With the convention that he designed and controlled, and the speech that he delivered to accept the Republican nomination, Bush earned the indispensable thing: plausibility.

His performance was a drama of arrival — a presidential bar mitzvah. The son took over. The torch passed. That was a grown man addressing the convention in Philadelphia — speaking with the seasoned authority of a life that is manifestly his own. That is an odd thing to say of someone in his mid-50s, perhaps, but you know the Baby Boomers. There have been detours and delays.

Ex-presidents framed the proceedings in a mute, touching way. George Bush the Elder acted the proud, mellow father in a non-speaking part. Ronald Reagan could not come to Philadelphia, for melancholy reasons. Gerald Ford had a stroke in the midst of the convention. Extinct volcanoes. One generation passeth away. George and Laura Bush made much of their daughters' going off to college, which is, so to speak, where the boomers came in and the movie began. So the generational cycle is, belatedly but convincingly, accomplished.
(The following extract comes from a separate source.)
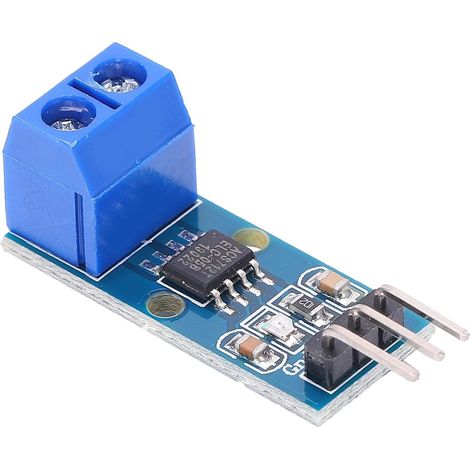 Current Sensor Module, Electronic Current Detection Tool, 5 A Range, 4.5 V to V DC, 185 MV per A Sensitivity, Analog I/O for Power Distribution Control (1/5)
The Democrats lavished a good deal of condescension on the Bush convention. They jeered all week at the GOP's kinder-and-gentler diversity pageant, arguing that the gaudy display of pigmentations and orientations and live-and-let-live gemtlichkeit bears no relation to Republican politics in the real world. New York Times columnist Bob Herbert, implying that the African-Americans on stage in Philadelphia were singing and dancing in a vicious minstrel show, had the effrontery to suggest that Colin Powell was insufficiently black.

The Democrats were no doubt frustrated by the quiescence of the punitive Republican cinder dicks ("cinder dicks" being the Depression-era hoboes' term for the railroad detectives who carried clubs and threw traveling men off the freight trains, which has been, if you think of it, the work of the Gingrich/Falwell brigades). In his acceptance speech, Bush offered scraps to the party's fiercer elements, but mostly they stayed belowdecks, like Ahab's harpooners. They were content to have the conservative Dick Cheney on the ticket, and the knowledge that the next president will be substantially restocking the Supreme Court.

Bush profited from almost everyone's low, or apprehensive, expectations, so that when he hit the sweet spot, as he did, the ball seemed to leave the park on a rising trajectory.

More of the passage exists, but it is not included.